Le discours de la semaine dernière d’Emmanuel Macron pose une question de fond. Avons-nous une stratégie de sécurité nationale ? Jusqu’à présent, non. Depuis plusieurs décennies, nous empilons simplement des dispositifs et des textes plus ou moins cohérents. Son intervention repose ensuite sur un constat : nos concitoyens ne supportent plus l’impuissance publique en matière de sécurité.

Discours d'Emmanuel Macron (Capture d'écran-elysee.fr)
Discours d’Emmanuel Macron (Capture d’écran-elysee.fr)

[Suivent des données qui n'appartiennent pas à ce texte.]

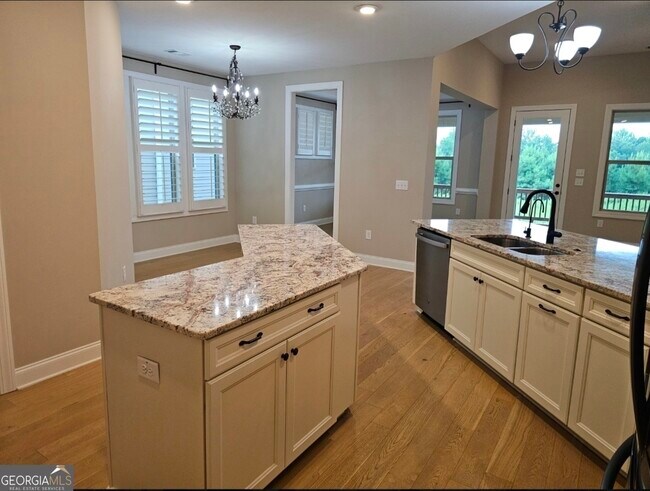 Building Photo - 609 Tulip Poplar Dr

Par conséquent, on peut difficilement être en désaccord avec le Chef de l’État sur les perspectives qu’il dessine. D’abord sur la philosophie d’ensemble. Il serait en effet urgent que l’on en finisse avec toute complaisance concernant la radicalité politique. Extrême gauche, extrême droite, salafisme djihadiste : la brutalité n’a pas une plus ou moins grande gravité selon le discours idéologique de celui qui la promeut ou l’exerce. L’actualité nous a fournit le triste spectacle d’une voiture de police incendiée par des irresponsables et d’un adjoint de sécurité (aujourd’hui policier) résistant à mains nues et proportionnant sa riposte à des assaillants n’attachant aucun prix à la vie de leurs semblables et témoignant d’une haine de l’autorité publique qui n’a aucune justification concrète. Il n’y a pas de romantisme de la violence politique !

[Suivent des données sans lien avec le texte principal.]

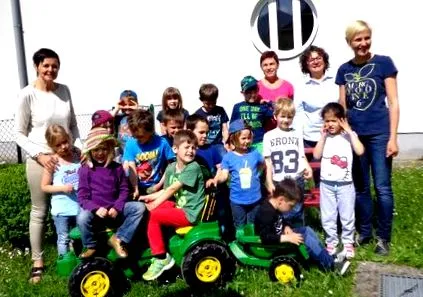 2015 május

Il s’en déduit qu’il faut effectivement un plan contre la radicalisation, quel que soit d’ailleurs son origine doctrinale… Sans aucun doute, c’est logique, c’est d’abord l’islamisme qui en constitue le cœur de cible puisque les attentats s’enracinent dans le fondamentalisme communautariste qui est la marque de l’islam politique.

Il en découle ensuite qu’il faut rénover notre pratique du renseignement. A cet égard, la PSQ (la police de sécurité du quotidien) peut être le fer de lance -auquel ont doit ajouter les Brigades territoriales de contact, les BTC, de la Gendarmerie nationale- d’une révolution intellectuelle dans le recueil et le traitement de l’information. L’occasion nous est offerte d’appliquer une forme de principe de subsidiarité dans cet univers : en développant le renseignement de terrain par la multiplication déterminante des capteurs issus de la PSQ et des BTC, une plus forte connaissance des risques potentiels en dériverait. De la radicalisation à la délinquance quotidienne, il y a là une voie de progrès qu’il faut absolument développer.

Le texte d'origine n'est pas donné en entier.